Someone should do this for photographers. I wonder if fine-art photographers would be more inclined to find it a joy while photojournalists might opt more towards it being a chore? Or maybe it would be the complete opposite?
A few of the response from the authors:
The joy of writing for a living is that you get to do it all the time. The misery is that you have to, whether you’re in the mood or not. I wouldn’t be the first writer to point out that doing something so deeply personal does become less jolly when you have to keep on at it, day after cash-generating day. To use a not ridiculous analogy: Sex = nice thing. Sex For Cash = probably less fun, perhaps morally uncomfy and psychologically unwise.
My favorite quote:
The struggle of writing is fraught with a specialised form of anguish, the anguish of knowing one will never get it right, that one will always fail, and that all one can hope to do is ‘fail better’, as Beckett recommends. The pleasure of writing is in the preparation, not the execution, and certainly not in the thing executed. The novelist daily at his desk eats ashes, and if occasionally he encounters a diamond he is likely to break a tooth on it. Money is necessary to pay the dentist’s bills.
So I then spend a year or so doing nothing until that becomes even more intolerable than doing something.
This is like that first good photo you ever take. If you’re lucky it’s a rush you may experience a few times again in your life:
There’s a place in my head that I go to when I write and it’s so rich and unexpected – and scary sometimes – but never ever dull. I first went there when I was seven and I wrote a poem which startled me a bit because it felt like someone else had written it. The adrenaline rush that gave me was incredible and I wanted more. These days, maybe because I can now access that place quite easily, writing feels like something I simply could not live without.
Related posts:

What a great post, thanks Tim. Interesting to see where the lines between the creative fields (eg. writing and photography) easily intersect.
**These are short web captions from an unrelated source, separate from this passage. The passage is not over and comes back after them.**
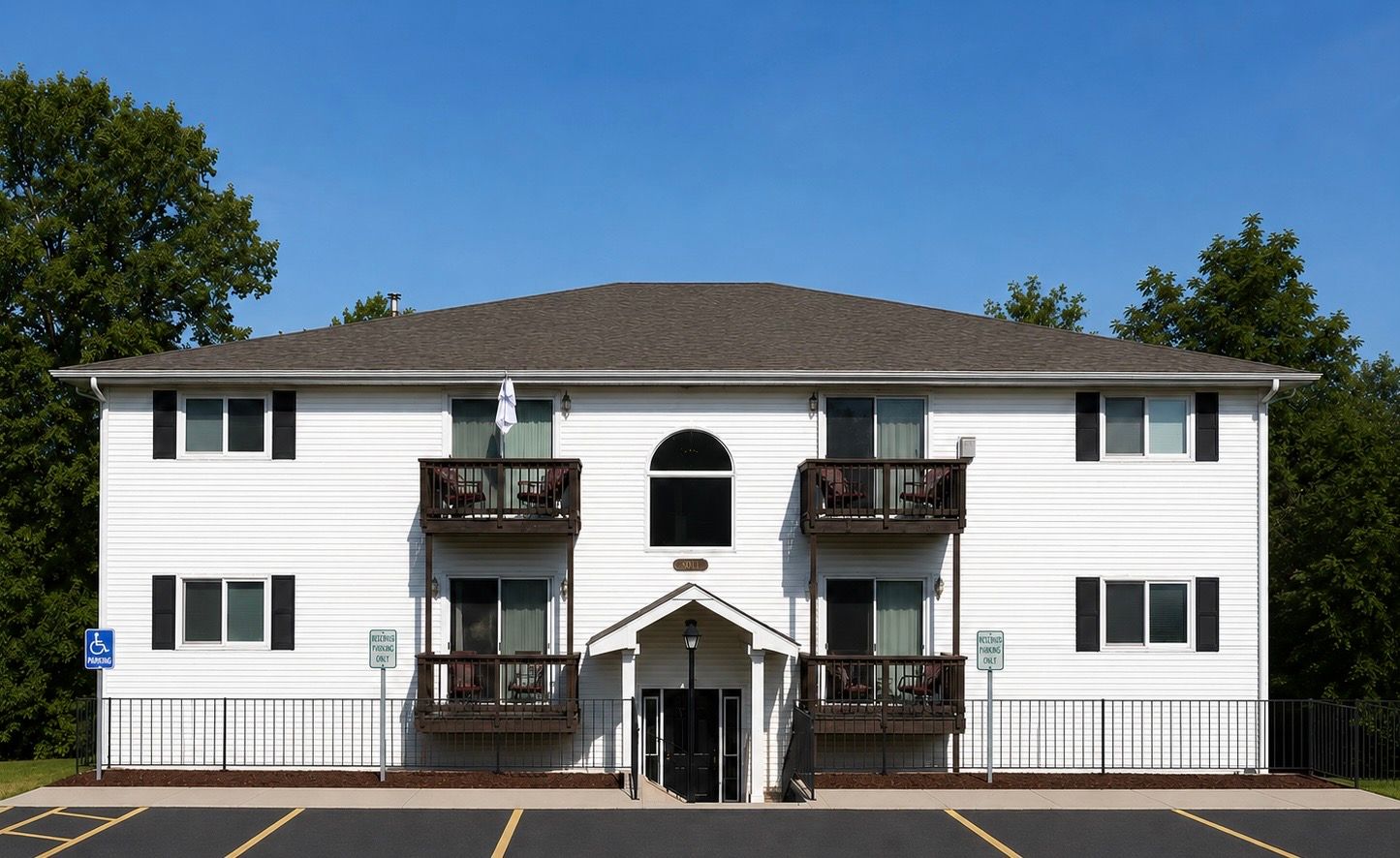 Two-story white apartment building with balconies, a central entrance, and a clear blue sky
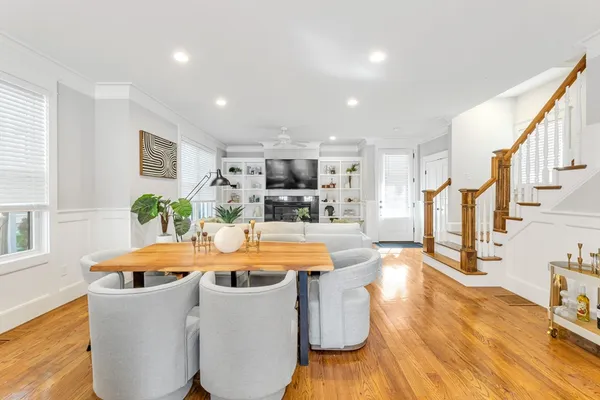 a dining room with furniture and wooden floor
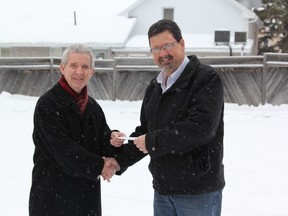 Gary Huizing from Cochrane Power (right) presenting Lions Club President Claude Bourassa with a cheque for $2,500 for the 2013 Lions Club Christmas Telethon. The donation came in after the Dec. 1 telethon.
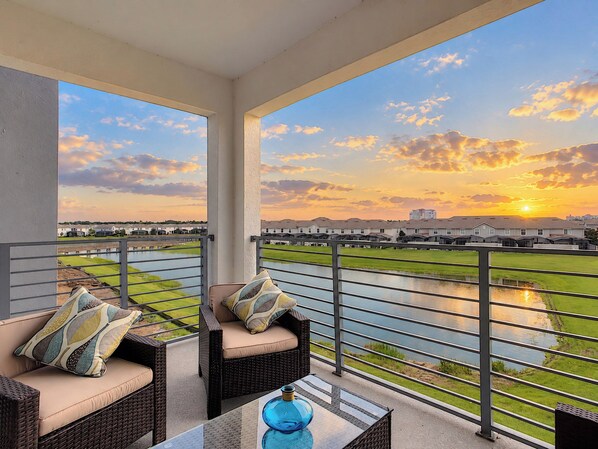 A balcony with wicker furniture and a view of a sunset over a body of water and buildings.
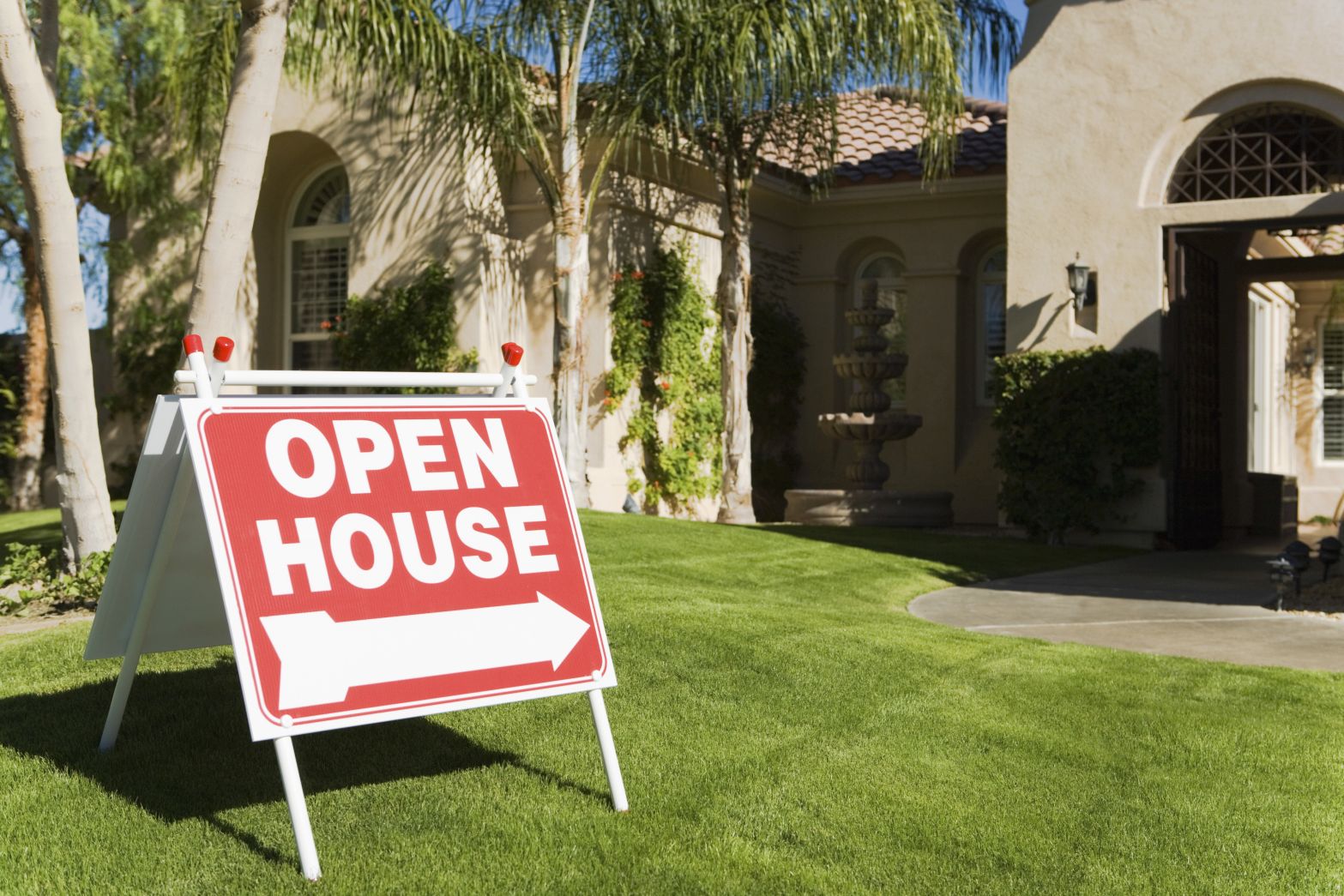 Open house sign on front lawn outside of house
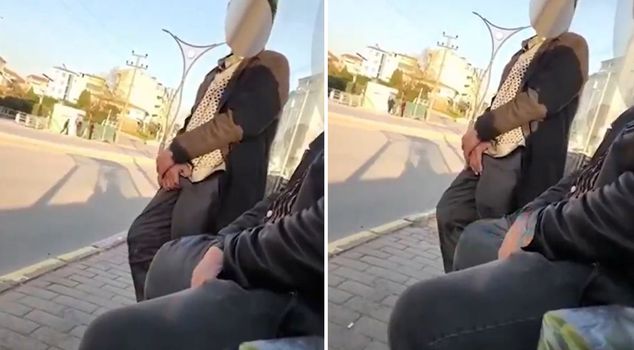 Pervert camera at the bus stop.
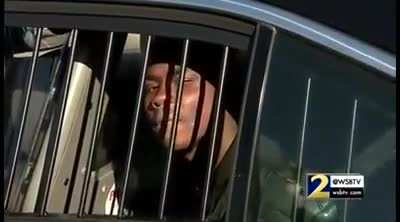 Interview with the person in the back of a police car
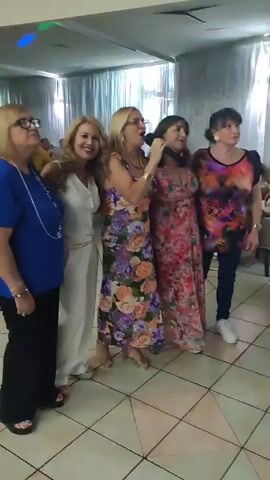 The video shows a group of five women standing in a line and singing, holding a microphone. They are in an indoor setting, possibly a restaurant or hall, with a patterned tiled floor and light-colored walls. The women are dressed in colorful attire, with one in a blue top and black pants, another in a white jumpsuit, two in floral dresses, and the last in a brightly colored patterned top and dark pants. The woman in the middle is holding a microphone and appears to be leading the singing. The other women are looking towards the microphone and singing along. The lighting suggests it is daytime. The mood seems festive and celebratory. There is no visible text in the video.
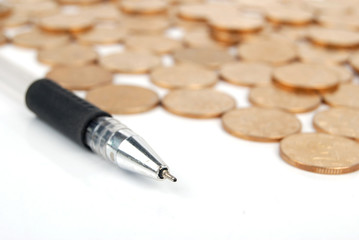 Coins and pen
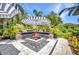 Beautiful outdoor patio features a fire pit, built-in seating, striped umbrellas and lush landscaping for relaxing and entertaining at 25062 Palisade Rd, Punta Gorda, FL 33983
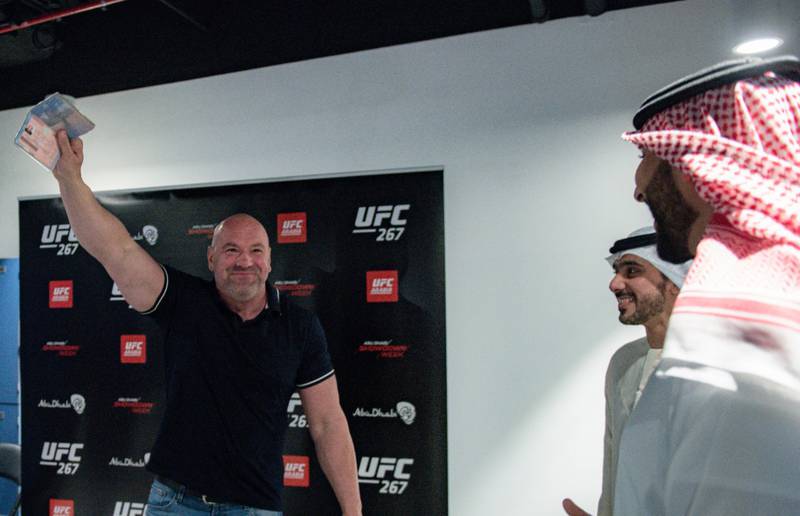 Dana White waves his passport in the air after receiving his golden visa.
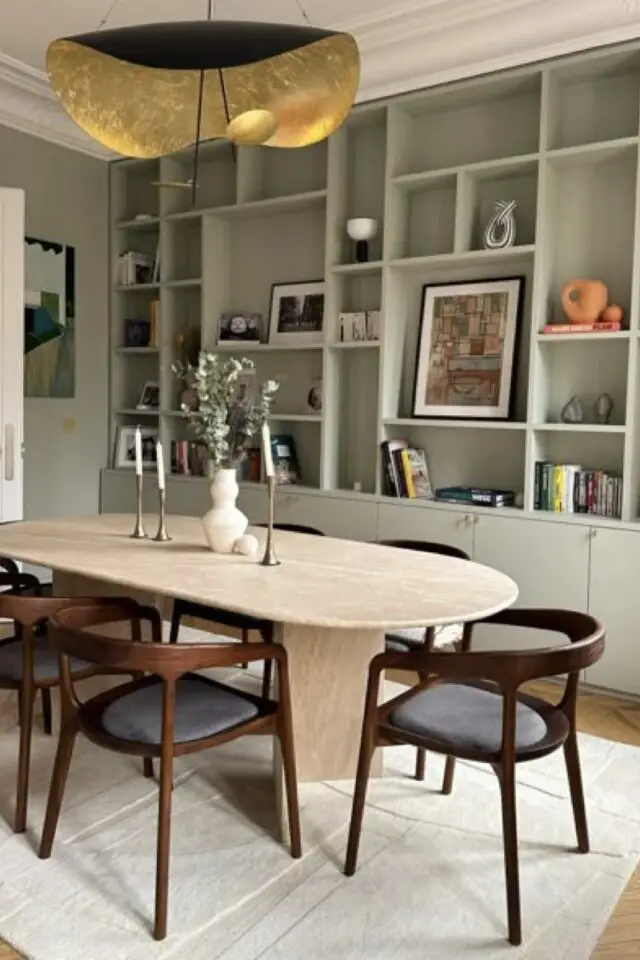tendances déco 2026 salle à manger polyvalente bibliothèque sur-mesure chic table en travertin ovale fauteuil en bois dossier enveloppant tendances déco 2026 salle à manger polyvalente bibliothèque sur-mesure chic table en travertin ovale fauteuil en bois dossier enveloppant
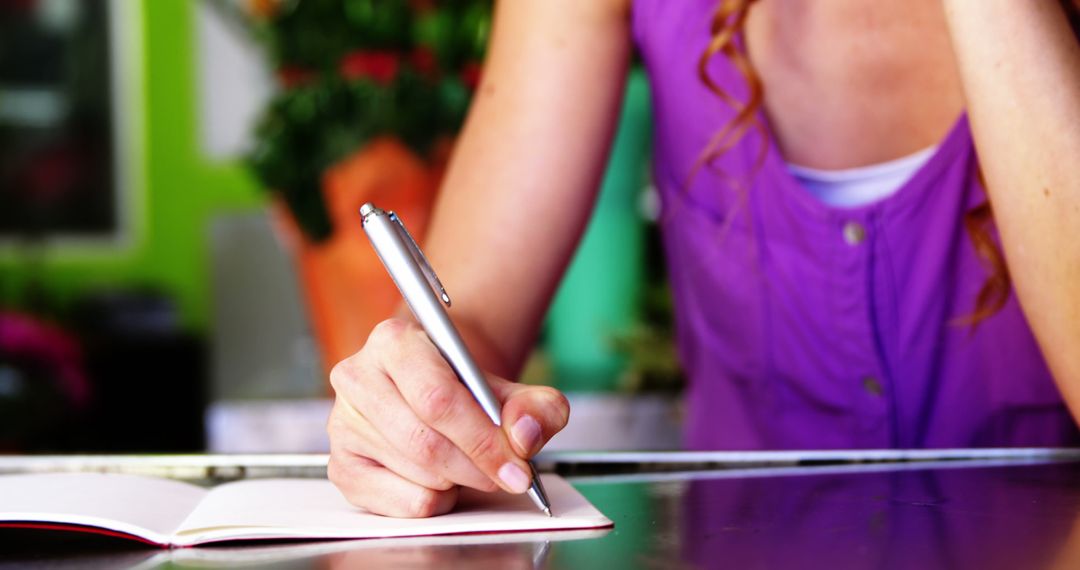 Woman Writing Notes at Desk with Pen in Hand - Free Images, Stock Photos and Pictures on Pikwizard.com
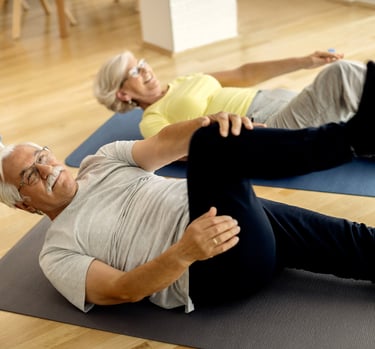 Active senior couple performing knee-to-chest stretches on yoga mats in a bright fitness studio.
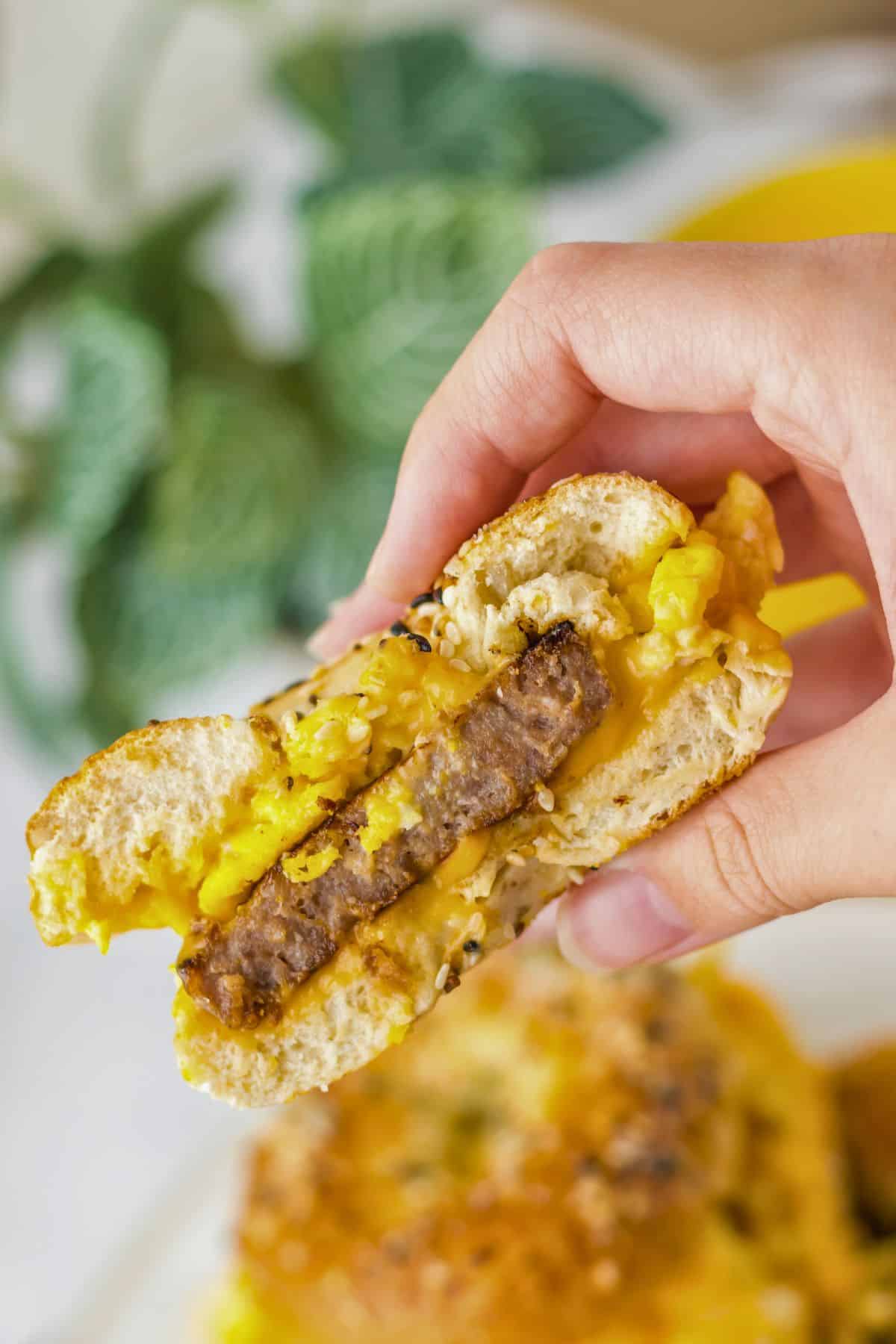 Breakfast bagel half held in a woman's hand.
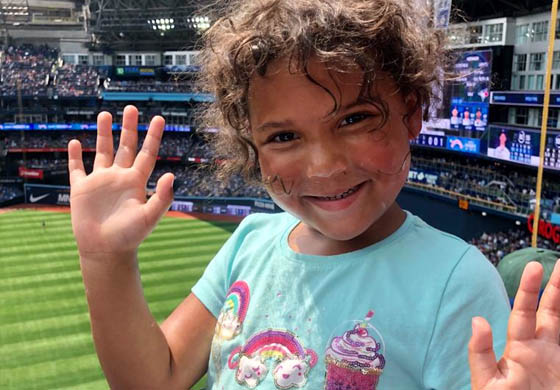 Little girl in a blue shirt smiling with her hands up at a Blue Jays game in Toronto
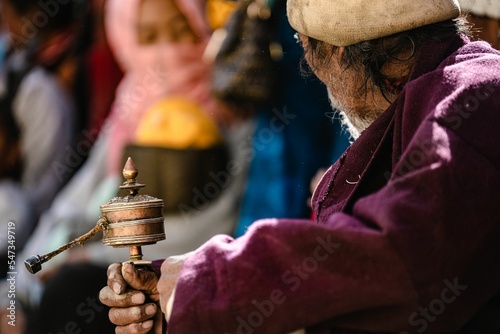 Selective focus shot of senior man holding Tibetan Buddhist Prayer wheel at Tiji Festival photo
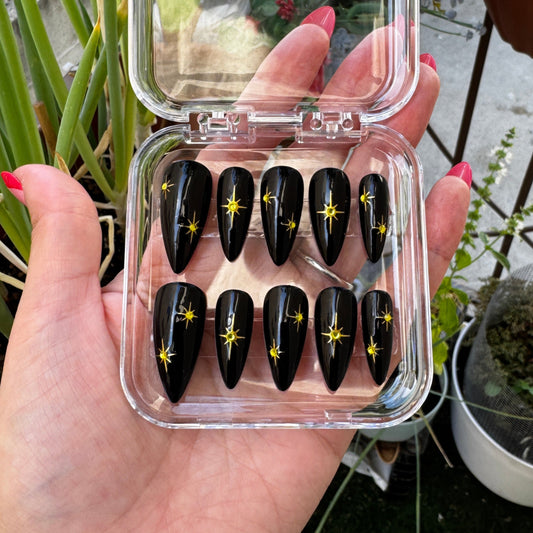 Get ready for "The Witching Hour" with these stunning, celestial press-on nails. Featuring a mysterious, deep black base and shimmering gold stars, this set captures the magic of a midnight sky. Each set is a miniature work of art, meticulously designed and hand-painted, adding a unique flair to any occasion. No time for salon appointments? Say hello to instant glamour that’s ready whenever you are. Our durable, high-quality press-ons offer a flawless, comfortable fit and are designed to last.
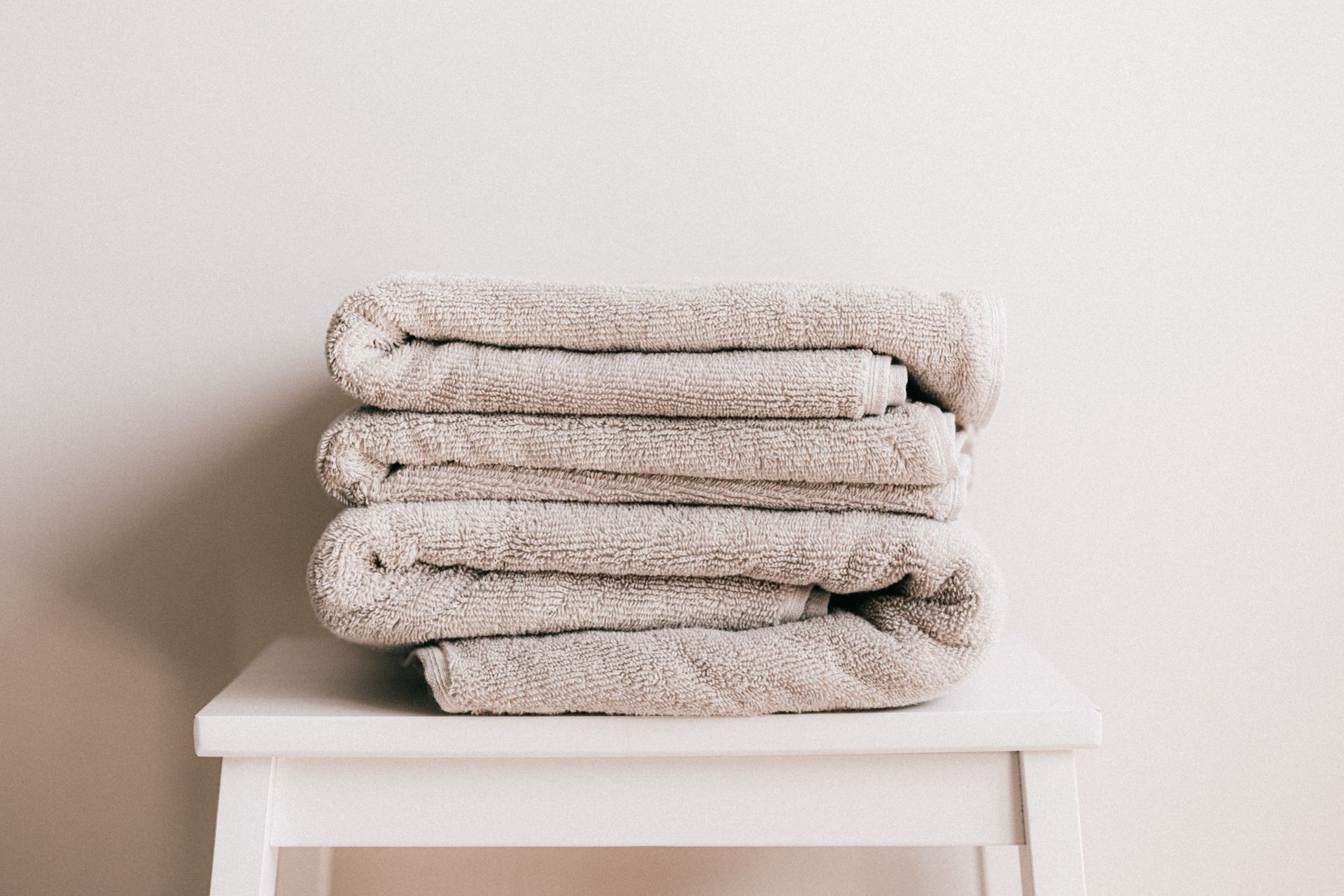 Folded beige towels on a white stool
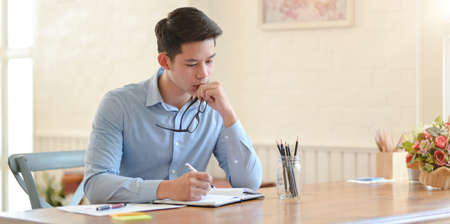 Young professional businessman writing his idea about the upcoming project in notebookの写真素材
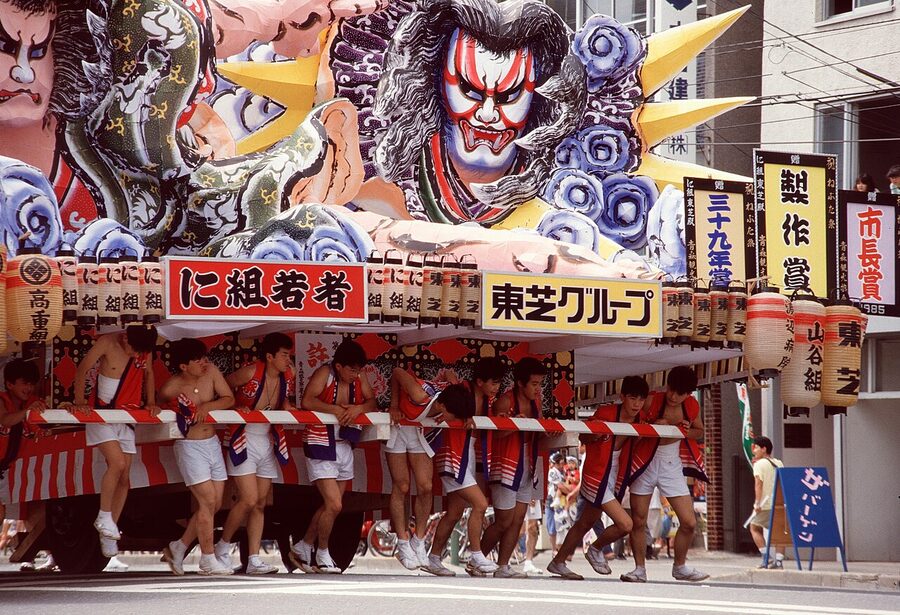 A close-up of a Nebuta float face glowing in the dark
It’s easy for the creative process to become a miserable chore, especially if you don’t produce daily (cash generating) photographs that you’re happy with. Either way, you have to turn around and start the whole process over the next day.
Regards,
erik
If I didn’t get paid to take pictures, I probably wouldn’t do it at all. I would be too scared to. Luckily the fear of starving is greater than the fear of failure. I love what I do. And I would forget that if paying customers weren’t expecting me to show up.
I think the key is balance. We have to figure out how many not-so-appealing assignments a year we have to take to pay the bills and intersperse it with personal work that we find more fulfilling.
If we can find and maintain the balance between essential work and personal work, hopefully photography will stay on the joy end of the spectrum.
Hey guys,
Thanks for the great responses. Wasn’t expecting this at all.